Data under study:
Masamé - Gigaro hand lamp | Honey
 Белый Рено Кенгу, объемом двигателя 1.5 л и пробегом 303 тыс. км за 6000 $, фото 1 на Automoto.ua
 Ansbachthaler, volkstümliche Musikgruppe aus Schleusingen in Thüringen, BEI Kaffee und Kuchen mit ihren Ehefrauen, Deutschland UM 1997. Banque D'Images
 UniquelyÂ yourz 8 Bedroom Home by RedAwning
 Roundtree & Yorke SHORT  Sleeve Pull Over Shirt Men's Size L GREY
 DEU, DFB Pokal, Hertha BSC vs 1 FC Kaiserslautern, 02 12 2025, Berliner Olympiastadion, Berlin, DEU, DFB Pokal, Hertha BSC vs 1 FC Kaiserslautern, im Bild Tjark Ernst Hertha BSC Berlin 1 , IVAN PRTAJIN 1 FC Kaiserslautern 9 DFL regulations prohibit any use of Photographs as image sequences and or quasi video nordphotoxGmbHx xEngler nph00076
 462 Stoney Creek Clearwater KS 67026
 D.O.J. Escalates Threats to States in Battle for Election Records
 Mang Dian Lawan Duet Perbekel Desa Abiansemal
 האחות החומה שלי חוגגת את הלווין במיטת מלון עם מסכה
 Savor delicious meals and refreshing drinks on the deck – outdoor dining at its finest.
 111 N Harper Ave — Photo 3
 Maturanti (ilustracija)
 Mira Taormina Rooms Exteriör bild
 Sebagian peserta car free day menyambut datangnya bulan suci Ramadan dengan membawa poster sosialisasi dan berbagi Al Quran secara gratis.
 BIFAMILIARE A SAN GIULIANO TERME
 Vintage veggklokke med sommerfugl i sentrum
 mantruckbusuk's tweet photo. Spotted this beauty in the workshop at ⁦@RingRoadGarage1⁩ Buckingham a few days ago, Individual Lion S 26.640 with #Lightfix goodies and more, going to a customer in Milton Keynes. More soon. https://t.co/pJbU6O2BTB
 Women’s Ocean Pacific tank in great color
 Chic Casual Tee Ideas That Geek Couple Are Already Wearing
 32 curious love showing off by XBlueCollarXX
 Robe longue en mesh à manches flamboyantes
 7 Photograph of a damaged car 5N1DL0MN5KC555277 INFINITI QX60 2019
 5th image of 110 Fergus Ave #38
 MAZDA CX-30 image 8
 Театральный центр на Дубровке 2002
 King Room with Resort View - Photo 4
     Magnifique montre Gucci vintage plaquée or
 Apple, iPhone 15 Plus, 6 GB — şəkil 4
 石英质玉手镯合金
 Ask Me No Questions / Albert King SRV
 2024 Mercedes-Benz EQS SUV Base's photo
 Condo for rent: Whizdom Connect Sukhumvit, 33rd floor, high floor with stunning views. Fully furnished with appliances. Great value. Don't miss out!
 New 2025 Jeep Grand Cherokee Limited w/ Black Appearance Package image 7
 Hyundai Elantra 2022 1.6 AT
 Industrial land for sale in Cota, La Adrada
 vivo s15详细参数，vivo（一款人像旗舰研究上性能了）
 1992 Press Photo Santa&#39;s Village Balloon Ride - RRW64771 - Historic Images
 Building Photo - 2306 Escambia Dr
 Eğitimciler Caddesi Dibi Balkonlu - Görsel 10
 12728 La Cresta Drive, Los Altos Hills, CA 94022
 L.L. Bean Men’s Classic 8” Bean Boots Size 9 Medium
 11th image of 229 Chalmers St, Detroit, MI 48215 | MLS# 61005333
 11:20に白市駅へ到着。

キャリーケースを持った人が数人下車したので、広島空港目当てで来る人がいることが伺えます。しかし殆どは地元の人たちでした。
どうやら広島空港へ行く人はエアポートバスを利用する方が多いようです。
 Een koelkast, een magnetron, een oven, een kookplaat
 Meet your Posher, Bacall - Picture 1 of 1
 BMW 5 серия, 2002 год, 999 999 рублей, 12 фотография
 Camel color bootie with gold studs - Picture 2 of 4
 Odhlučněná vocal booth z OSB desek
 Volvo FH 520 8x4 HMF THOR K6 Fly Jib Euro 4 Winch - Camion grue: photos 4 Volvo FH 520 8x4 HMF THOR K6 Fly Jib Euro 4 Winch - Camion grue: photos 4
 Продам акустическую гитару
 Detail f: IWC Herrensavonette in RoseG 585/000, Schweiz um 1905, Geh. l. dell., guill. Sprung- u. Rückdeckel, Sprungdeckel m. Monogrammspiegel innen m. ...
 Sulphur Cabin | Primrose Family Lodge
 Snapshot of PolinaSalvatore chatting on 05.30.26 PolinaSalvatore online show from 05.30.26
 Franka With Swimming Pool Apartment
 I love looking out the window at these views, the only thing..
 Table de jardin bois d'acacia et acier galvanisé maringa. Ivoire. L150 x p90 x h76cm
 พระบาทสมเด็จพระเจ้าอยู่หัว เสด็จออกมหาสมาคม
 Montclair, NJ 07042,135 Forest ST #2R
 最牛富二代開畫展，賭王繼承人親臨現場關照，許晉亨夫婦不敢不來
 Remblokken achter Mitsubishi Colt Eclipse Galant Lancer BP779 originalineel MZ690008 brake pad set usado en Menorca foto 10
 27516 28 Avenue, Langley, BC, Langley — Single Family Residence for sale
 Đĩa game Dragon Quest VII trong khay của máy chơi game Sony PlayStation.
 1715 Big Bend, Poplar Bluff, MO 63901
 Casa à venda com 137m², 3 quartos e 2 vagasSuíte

Exercise directions: Write each entry out again, exactly as it reads above.

Result of the task:
Masamé - Gigaro hand lamp | Honey
 Белый Рено Кенгу, объемом двигателя 1.5 л и пробегом 303 тыс. км за 6000 $, фото 1 на Automoto.ua
 Ansbachthaler, volkstümliche Musikgruppe aus Schleusingen in Thüringen, BEI Kaffee und Kuchen mit ihren Ehefrauen, Deutschland UM 1997. Banque D'Images
 UniquelyÂ yourz 8 Bedroom Home by RedAwning
 Roundtree & Yorke SHORT  Sleeve Pull Over Shirt Men's Size L GREY
 DEU, DFB Pokal, Hertha BSC vs 1 FC Kaiserslautern, 02 12 2025, Berliner Olympiastadion, Berlin, DEU, DFB Pokal, Hertha BSC vs 1 FC Kaiserslautern, im Bild Tjark Ernst Hertha BSC Berlin 1 , IVAN PRTAJIN 1 FC Kaiserslautern 9 DFL regulations prohibit any use of Photographs as image sequences and or quasi video nordphotoxGmbHx xEngler nph00076
 462 Stoney Creek Clearwater KS 67026
 D.O.J. Escalates Threats to States in Battle for Election Records
 Mang Dian Lawan Duet Perbekel Desa Abiansemal
 האחות החומה שלי חוגגת את הלווין במיטת מלון עם מסכה
 Savor delicious meals and refreshing drinks on the deck – outdoor dining at its finest.
 111 N Harper Ave — Photo 3
 Maturanti (ilustracija)
 Mira Taormina Rooms Exteriör bild
 Sebagian peserta car free day menyambut datangnya bulan suci Ramadan dengan membawa poster sosialisasi dan berbagi Al Quran secara gratis.
 BIFAMILIARE A SAN GIULIANO TERME
 Vintage veggklokke med sommerfugl i sentrum
 mantruckbusuk's tweet photo. Spotted this beauty in the workshop at ⁦@RingRoadGarage1⁩ Buckingham a few days ago, Individual Lion S 26.640 with #Lightfix goodies and more, going to a customer in Milton Keynes. More soon. https://t.co/pJbU6O2BTB
 Women’s Ocean Pacific tank in great color
 Chic Casual Tee Ideas That Geek Couple Are Already Wearing
 32 curious love showing off by XBlueCollarXX
 Robe longue en mesh à manches flamboyantes
 7 Photograph of a damaged car 5N1DL0MN5KC555277 INFINITI QX60 2019
 5th image of 110 Fergus Ave #38
 MAZDA CX-30 image 8
 Театральный центр на Дубровке 2002
 King Room with Resort View - Photo 4
     Magnifique montre Gucci vintage plaquée or
 Apple, iPhone 15 Plus, 6 GB — şəkil 4
 石英质玉手镯合金
 Ask Me No Questions / Albert King SRV
 2024 Mercedes-Benz EQS SUV Base's photo
 Condo for rent: Whizdom Connect Sukhumvit, 33rd floor, high floor with stunning views. Fully furnished with appliances. Great value. Don't miss out!
 New 2025 Jeep Grand Cherokee Limited w/ Black Appearance Package image 7
 Hyundai Elantra 2022 1.6 AT
 Industrial land for sale in Cota, La Adrada
 vivo s15详细参数，vivo（一款人像旗舰研究上性能了）
 1992 Press Photo Santa&#39;s Village Balloon Ride - RRW64771 - Historic Images
 Building Photo - 2306 Escambia Dr
 Eğitimciler Caddesi Dibi Balkonlu - Görsel 10
 12728 La Cresta Drive, Los Altos Hills, CA 94022
 L.L. Bean Men’s Classic 8” Bean Boots Size 9 Medium
 11th image of 229 Chalmers St, Detroit, MI 48215 | MLS# 61005333
 11:20に白市駅へ到着。

キャリーケースを持った人が数人下車したので、広島空港目当てで来る人がいることが伺えます。しかし殆どは地元の人たちでした。
どうやら広島空港へ行く人はエアポートバスを利用する方が多いようです。
 Een koelkast, een magnetron, een oven, een kookplaat
 Meet your Posher, Bacall - Picture 1 of 1
 BMW 5 серия, 2002 год, 999 999 рублей, 12 фотография
 Camel color bootie with gold studs - Picture 2 of 4
 Odhlučněná vocal booth z OSB desek
 Volvo FH 520 8x4 HMF THOR K6 Fly Jib Euro 4 Winch - Camion grue: photos 4 Volvo FH 520 8x4 HMF THOR K6 Fly Jib Euro 4 Winch - Camion grue: photos 4
 Продам акустическую гитару
 Detail f: IWC Herrensavonette in RoseG 585/000, Schweiz um 1905, Geh. l. dell., guill. Sprung- u. Rückdeckel, Sprungdeckel m. Monogrammspiegel innen m. ...
 Sulphur Cabin | Primrose Family Lodge
 Snapshot of PolinaSalvatore chatting on 05.30.26 PolinaSalvatore online show from 05.30.26
 Franka With Swimming Pool Apartment
 I love looking out the window at these views, the only thing..
 Table de jardin bois d'acacia et acier galvanisé maringa. Ivoire. L150 x p90 x h76cm
 พระบาทสมเด็จพระเจ้าอยู่หัว เสด็จออกมหาสมาคม
 Montclair, NJ 07042,135 Forest ST #2R
 最牛富二代開畫展，賭王繼承人親臨現場關照，許晉亨夫婦不敢不來
 Remblokken achter Mitsubishi Colt Eclipse Galant Lancer BP779 originalineel MZ690008 brake pad set usado en Menorca foto 10
 27516 28 Avenue, Langley, BC, Langley — Single Family Residence for sale
 Đĩa game Dragon Quest VII trong khay của máy chơi game Sony PlayStation.
 1715 Big Bend, Poplar Bluff, MO 63901
 Casa à venda com 137m², 3 quartos e 2 vagasSuíte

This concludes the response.